La mère de l’Église dans la liturgie catholique romaine

Il ne suffit pas de considérer les fêtes mariennes ou les accentuations mariennes des périodes de l’année ; la dimension mariale de la prière liturgique doit être évaluée en premier lieu. En effet, l’Église, par les liens qui l’unissent à Marie, souhaite vivre le mystère de Christ avec elle et comme elle, et expérimente continuellement que la Très Sainte Vierge est toujours à ses côtés, mais surtout dans la liturgie sacrée, en tant que mère et auxiliaire.
Par une tradition ancienne et universelle, la mémoire de Marie appartient à la célébration de l’Eucharistie. Le lien entre l’Incarnation et l’Eucharistie, et en elle la communion avec celle d’où nous est venu historiquement le corps et le sang du Christ, lie la piété mariale à la célébration eucharistique. Du sein virginal de la fille de Sion, celui qui nous nourrit a été germé avec le pain des anges. C’est pourquoi, lors de la célébration de l’Eucharistie, l’Église rappelle, loue et prie Marie, expérimentant sa communion. Personne ne doit penser que sa mention dans la Prière eucharistique est de nature dévotionnelle : au contraire, c’est le signe que nous ne pouvons taire la mémoire de Marie dans la mémoire des mystères du Christ.
La femme de Pentecôte est devenue le temple vivant du prêtre éternel qui intercede auprès du Père pour nous (cf. Hb 7,25). Elle est le miroir de l’Église dans la prière : les attitudes de Marie, la Vierge à l’écoute, la Vierge en prière, la Vierge Mère, la Vierge offrante, sont des exemples pour l’Église dans l’exercice du culte.
Dans cette optique, le Magnificat est récité quotidiennement aux Vêpres.
Les célébrations des sacrements et des rituels sacramentels révèlent ou accentuent certaines résonances mariennes, provenant du cœur même dérivé du sacrement : Dieu au milieu de nous. Enfin, le nombre de bénédictions dans lesquelles on fait mémoire de Marie est significatif.
Pourquoi avec Marie ?En communion intime donc, avec la Vierge et en prolongeant ses attitudes cultuelles, l’Église célèbre les mystères divins, où la gloire parfaite est donnée à Dieu et les hommes sont sanctifiés : s’associant à la voix de la Mère du Seigneur, l’Église bénit le Père Dieu et le glorifie avec elle dans le même cantique d’action de grâce et de louange.
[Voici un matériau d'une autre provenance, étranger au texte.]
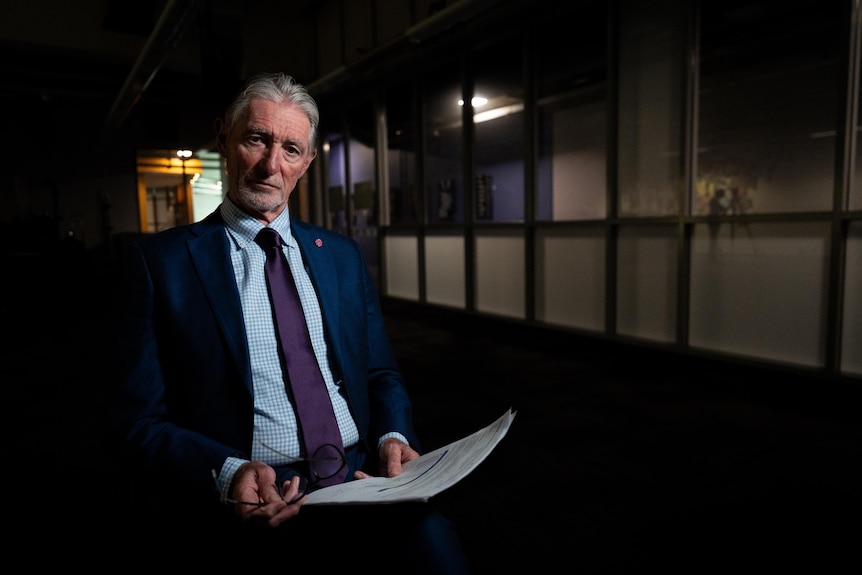 A man in a suit and tie sits in a darkened room clutching a piece of paper.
Avec Marie, elle veut entendre la parole de Dieu et la méditer assidûment.
Avec Marie, elle souhaite participer au mystère pascal de Christ et s’associer à l’œuvre de la rédemption.
Comme Marie, qui au Cenacle, avec les apôtres, attendait en priant la venue du Paraclet, elle implore sans cesse le don de l’Esprit.
Avec Marie, qui veille sur son chemin, elle se tourne avec confiance vers Christ.
De plus, en célébrant les divers mystères, l’Église fait constamment appel à son intercession, se réfugie sous son patronage, lui demande de visiter le peuple chrétien et de le remplir de ses dons.
L’image de Marie que nous connaissons dans la liturgie romaine actuelle est le reflet d’une compréhension renouvelée, tant dans les textes bibliques que dans les prières eucharistiques. L’enrichissement du Leccionnaire ainsi que les célébrations marianes (y compris le large choix des Écritures dans la *Collection des Misses de Notre-Dame*) correspondent à l’élargissement des prières et des préfaces, menés en tenant compte d’une triple ligne : inspiration biblique, valorisation de la pensée patristique, réception de la vision mariologique exprimée dans *Lumen Gentium*.
L’Esprit conciliaire a donc également produit, au niveau de la foi célébrée, une relecture du témoignage évangélique et de la tradition concernant Marie, favorisant une recentralisation de son image à la lumière de la cristologie et de l’ecclésiologie. Cela a eu pour effet d’exalter davantage les traits de la mission de Marie dans l’histoire du salut.